Pictures aside, the output must consist of the lines from the one containing "4076 Redwood Ave #1 — Photo 7" through the end of the data, reproduced exactly.

## RAW DATA
* * *
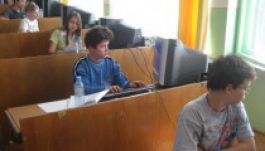 Rajtol az olimpiász, egyetemi tanárok is segítenek a diákoknak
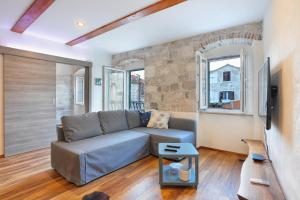 Apartments with parking space Omis - 19051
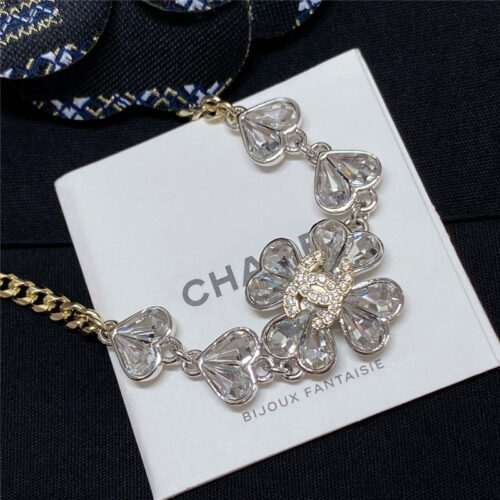 High Quality Luxury Chanel Four Leaf Flower Double C Heart Necklace product detail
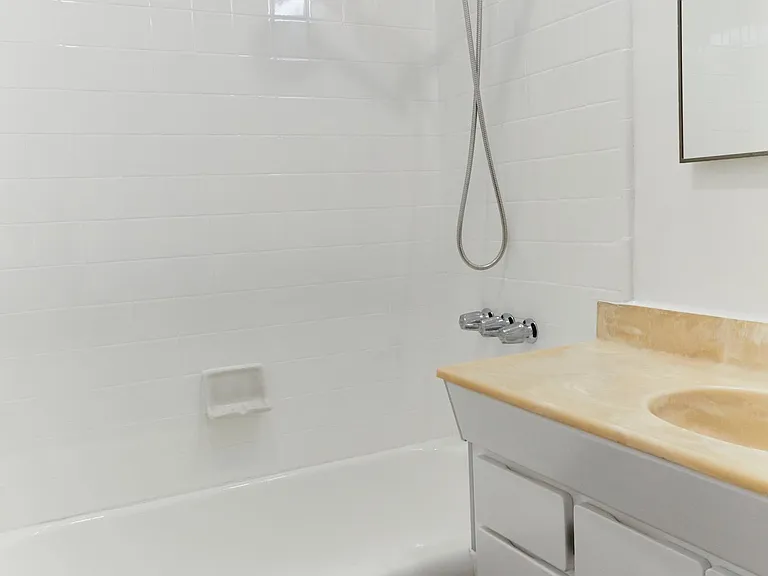 4076 Redwood Ave #1 — Photo 7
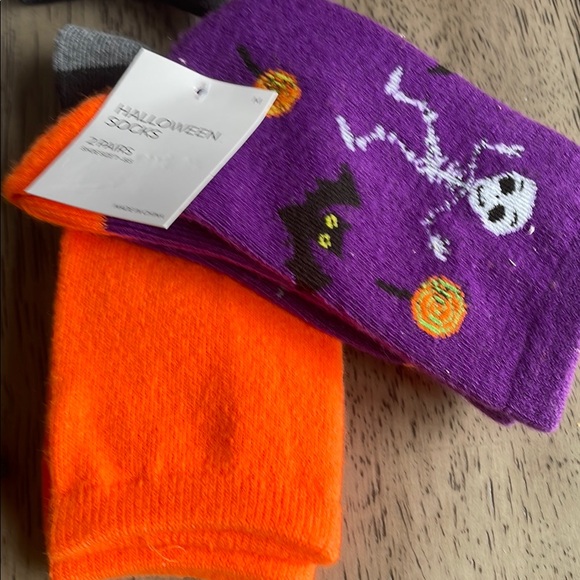 Kid’s Halloween Themed Socks Set - Four 2 Packs - Picture 4 of 11
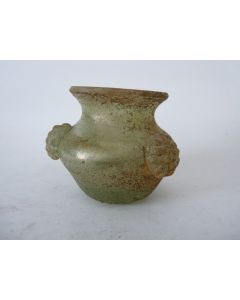 Petit vase verre a l'antique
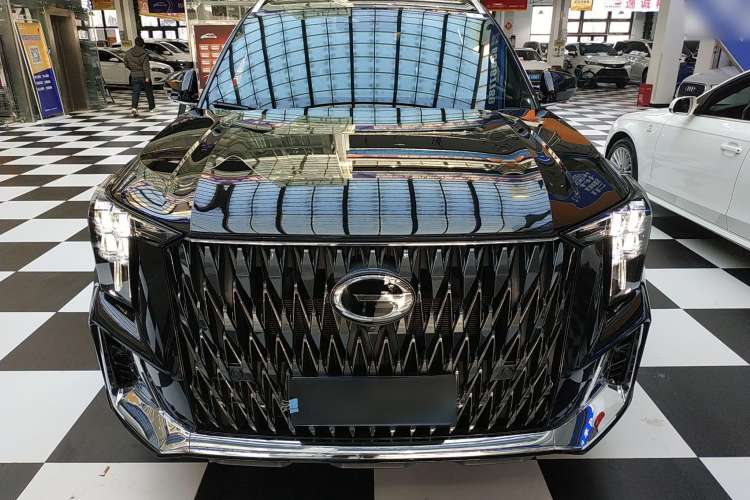 Used GAC Trumpchi GS8 2022 Dual-Engine Series 2.0TM Two-Wheel Drive Prestige Edition (7 Seats) Front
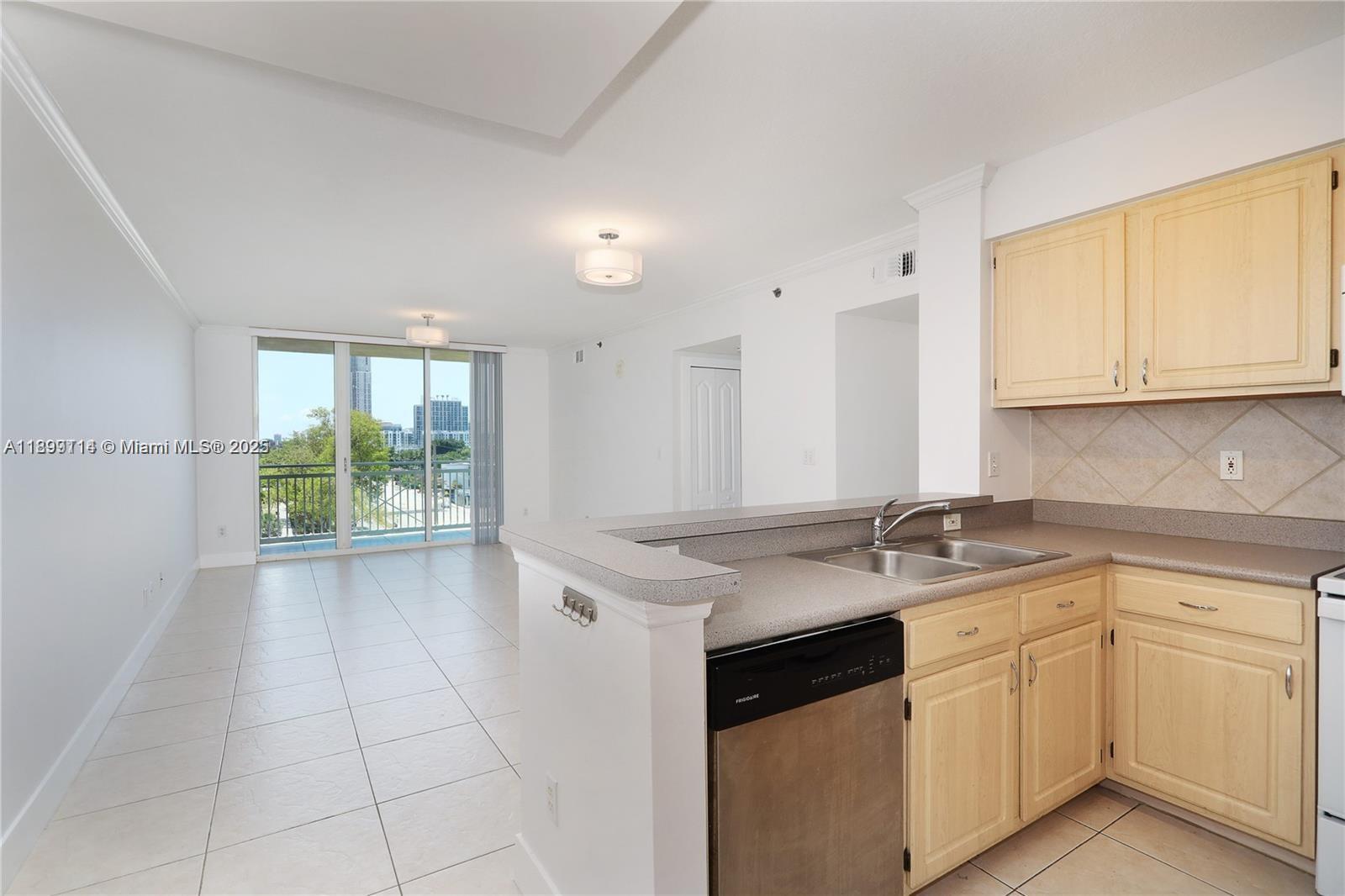 2665 SW 37th Ave #606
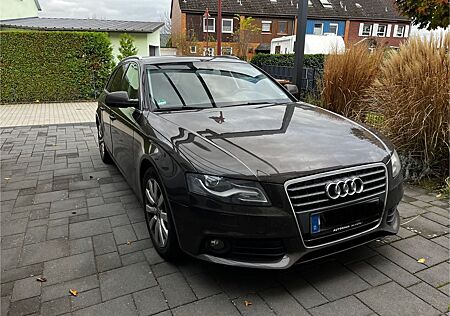 Audi A4 Avant Ambition 2.0 TDI 143 PS 6-Gang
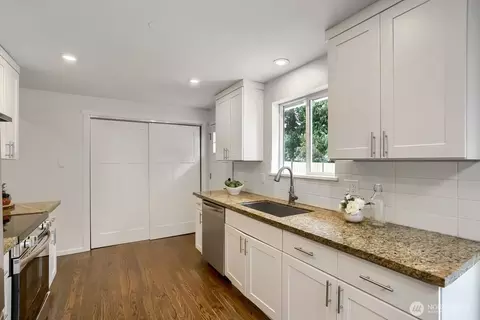 Kitchen - 7508 Rainier Dr, Everett, WA 98203 photo 4 of 4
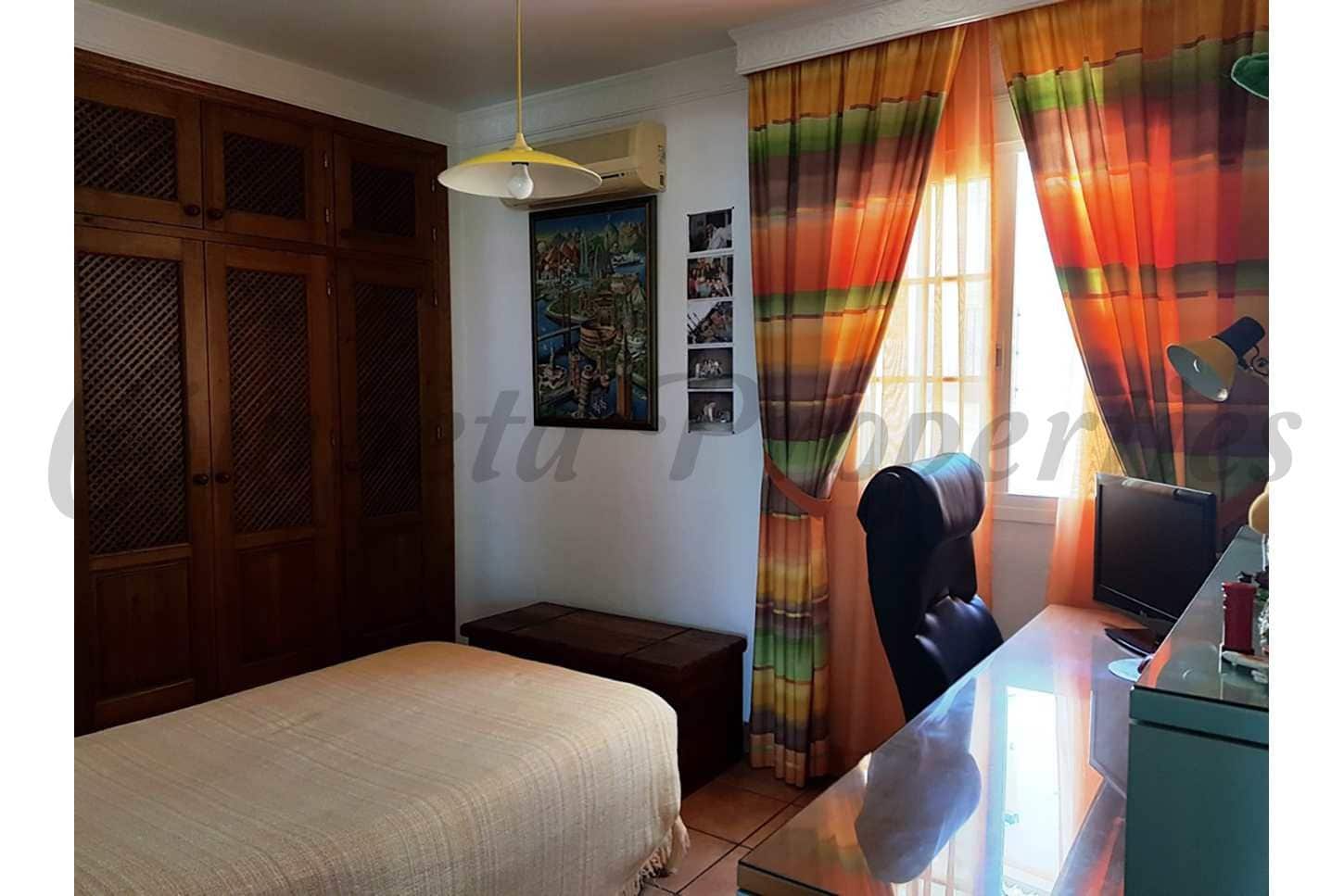 4 sovrum Villa till salu i Torrox med pool garage - 530 000 € (Ref: 10076407)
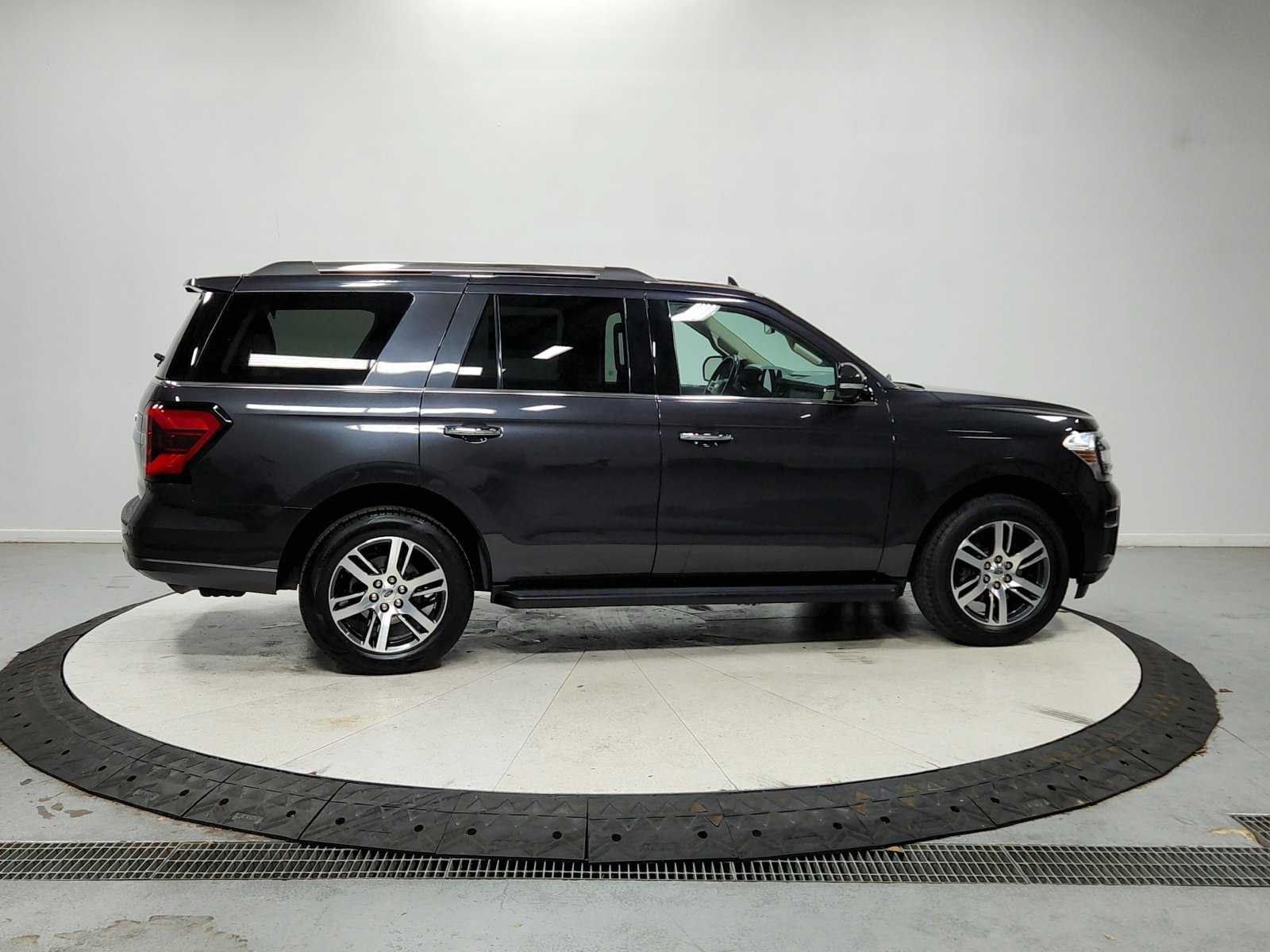 Used 2024 Ford Expedition Limited RWD image 9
* * *
## EXERCISE SOLUTION
 4076 Redwood Ave #1 — Photo 7
 Kid’s Halloween Themed Socks Set - Four 2 Packs - Picture 4 of 11
 Petit vase verre a l'antique
 Used GAC Trumpchi GS8 2022 Dual-Engine Series 2.0TM Two-Wheel Drive Prestige Edition (7 Seats) Front
 2665 SW 37th Ave #606
 Audi A4 Avant Ambition 2.0 TDI 143 PS 6-Gang
 Kitchen - 7508 Rainier Dr, Everett, WA 98203 photo 4 of 4
 4 sovrum Villa till salu i Torrox med pool garage - 530 000 € (Ref: 10076407)
 Used 2024 Ford Expedition Limited RWD image 9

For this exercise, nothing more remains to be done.